WHAT YOU SHOULD DO - The lines from the beginning of the records below through the one holding "Zara Tan Ribbed" are to be copied exactly; leave the pictures out.

-- DATA SHOWN follows --

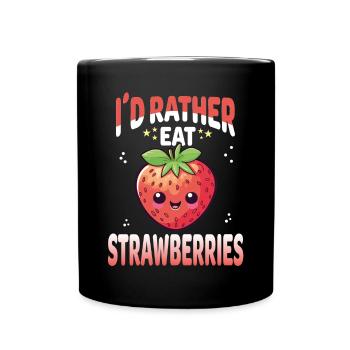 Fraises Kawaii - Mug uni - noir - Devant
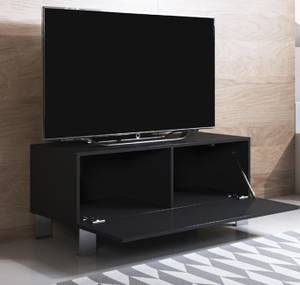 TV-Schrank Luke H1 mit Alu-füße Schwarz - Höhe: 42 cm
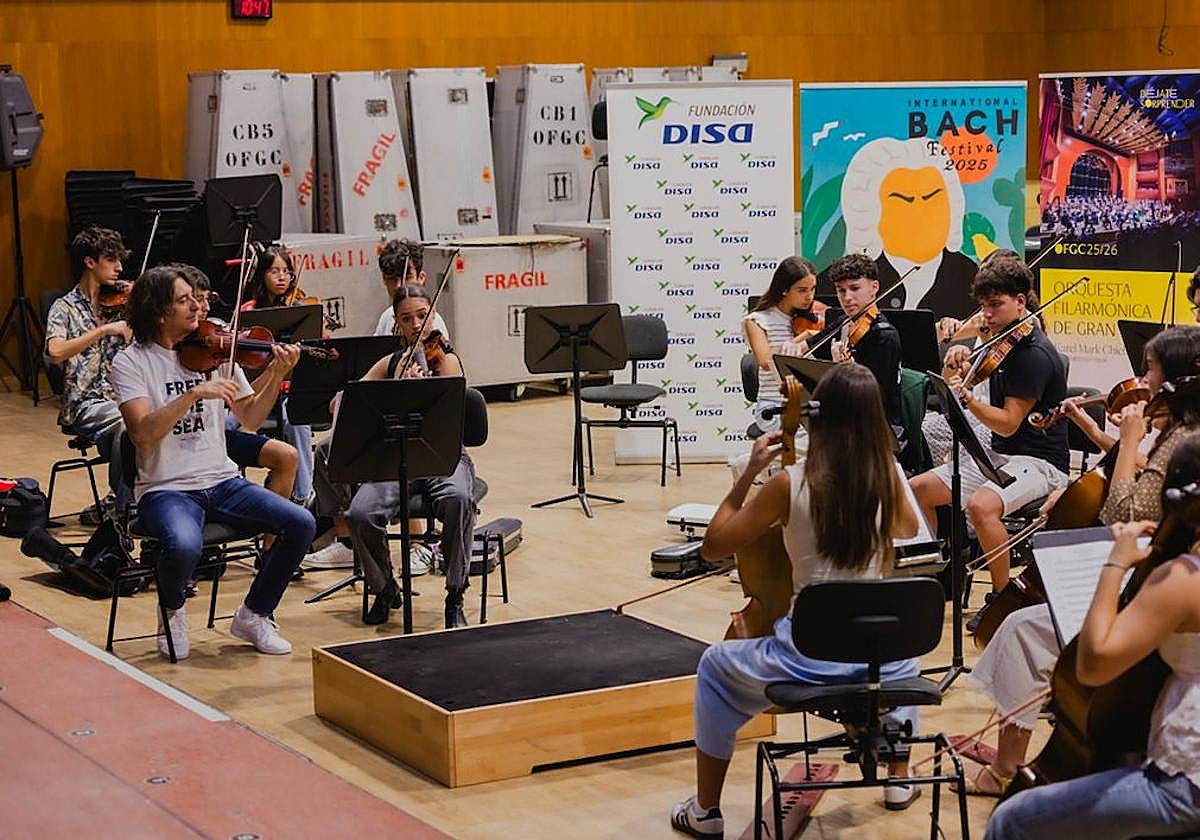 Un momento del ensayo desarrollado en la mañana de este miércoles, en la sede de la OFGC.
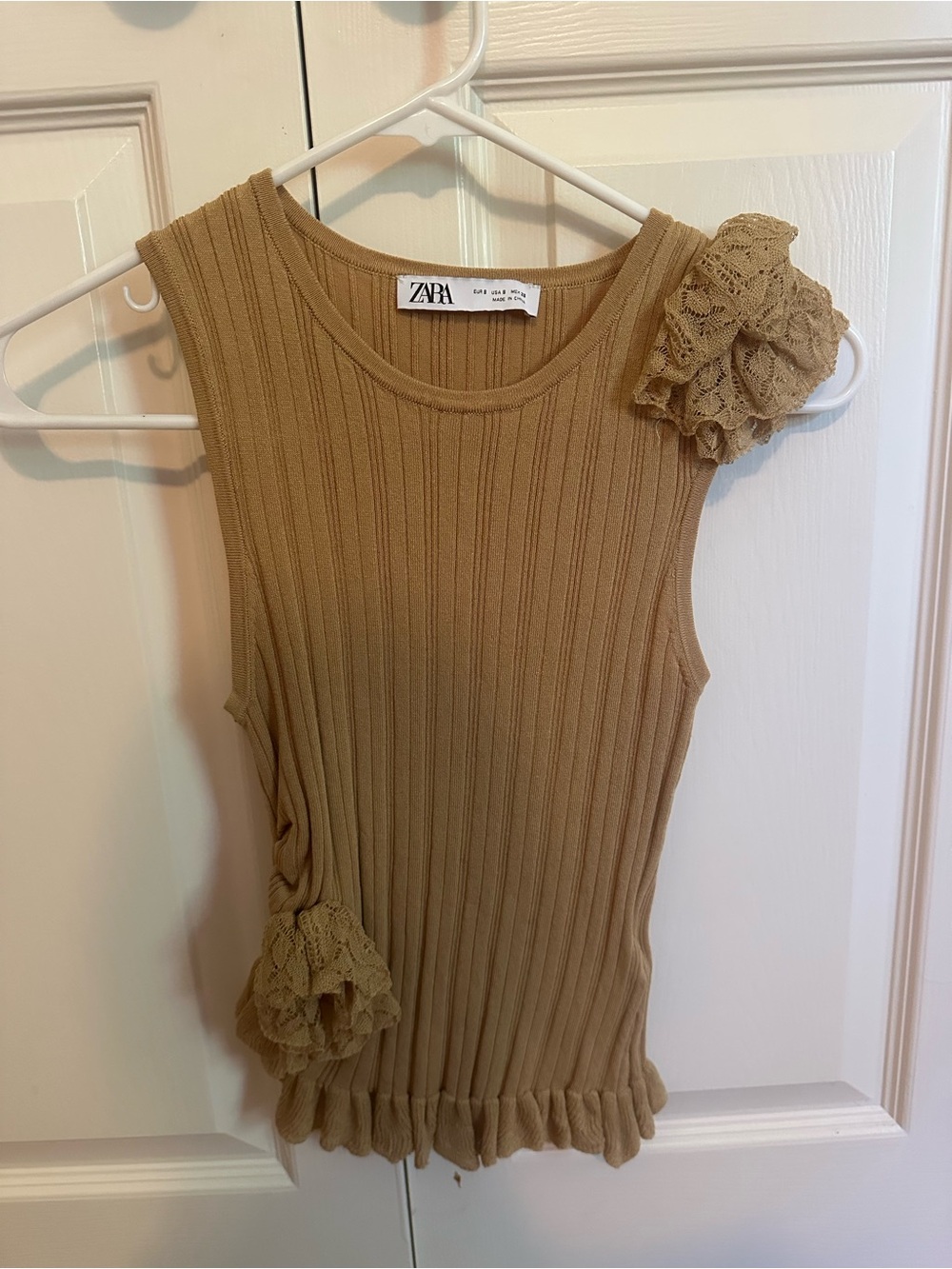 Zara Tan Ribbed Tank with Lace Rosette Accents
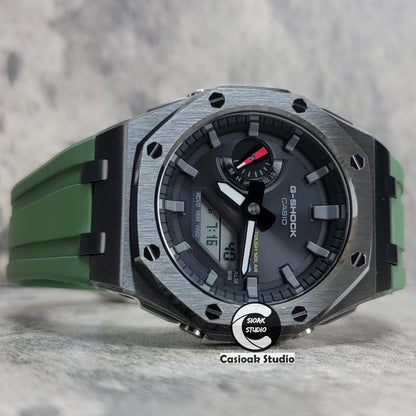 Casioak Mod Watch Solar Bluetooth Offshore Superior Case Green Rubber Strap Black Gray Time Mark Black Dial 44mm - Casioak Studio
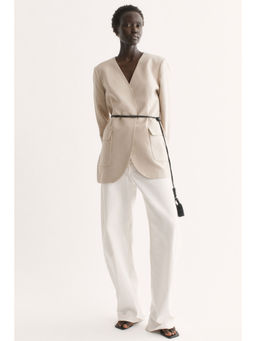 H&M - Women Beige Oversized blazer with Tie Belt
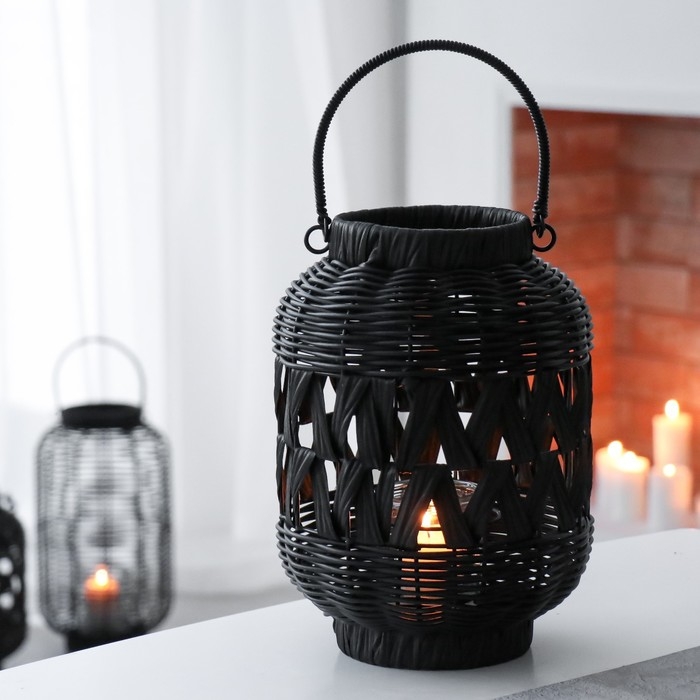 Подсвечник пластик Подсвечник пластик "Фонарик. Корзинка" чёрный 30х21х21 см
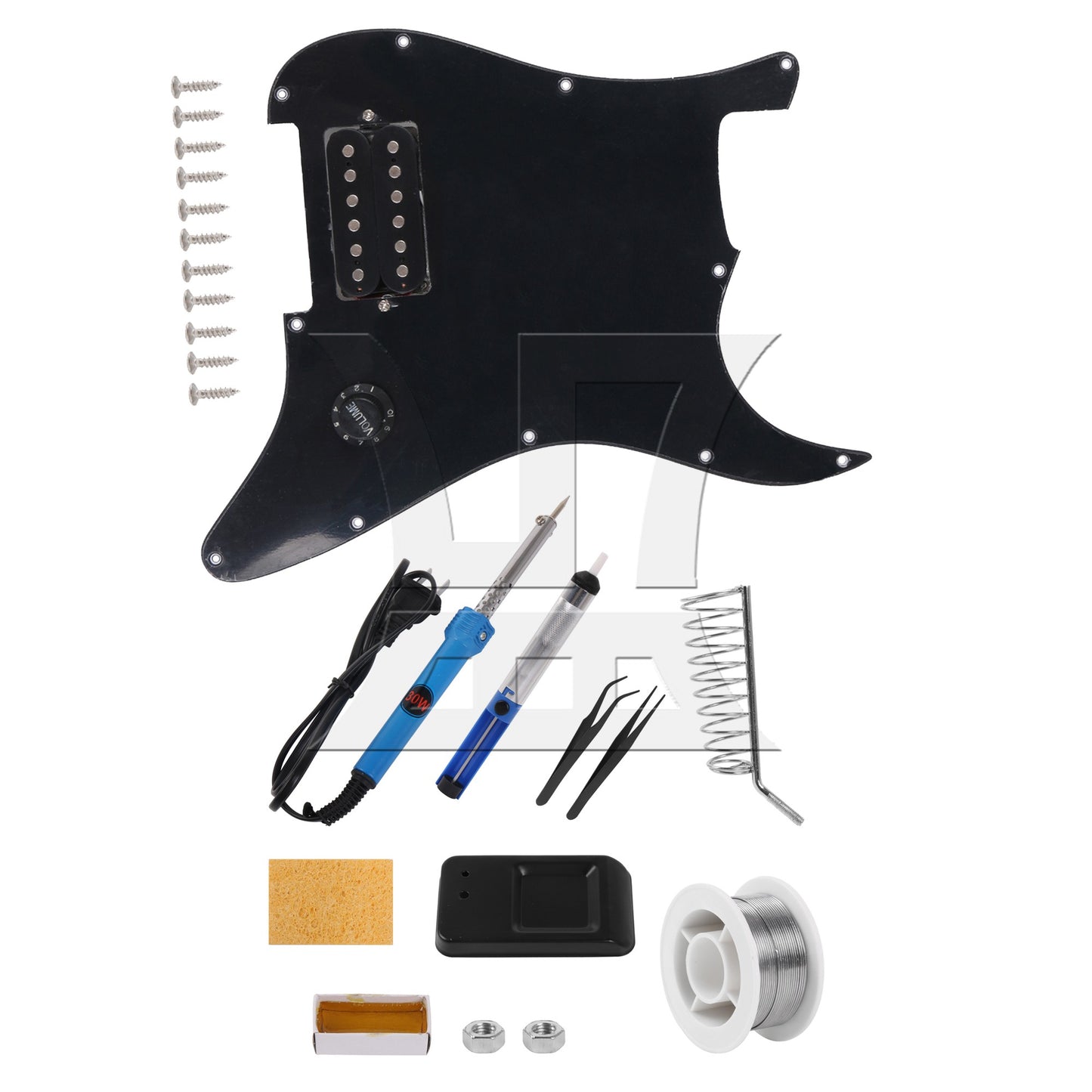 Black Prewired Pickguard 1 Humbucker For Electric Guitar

-- DATA SHOWN concluded --

EXERCISE SOLUTION -
 Fraises Kawaii - Mug uni - noir - Devant
 TV-Schrank Luke H1 mit Alu-füße Schwarz - Höhe: 42 cm
 Un momento del ensayo desarrollado en la mañana de este miércoles, en la sede de la OFGC.
 Zara Tan Ribbed Tank with Lace Rosette Accents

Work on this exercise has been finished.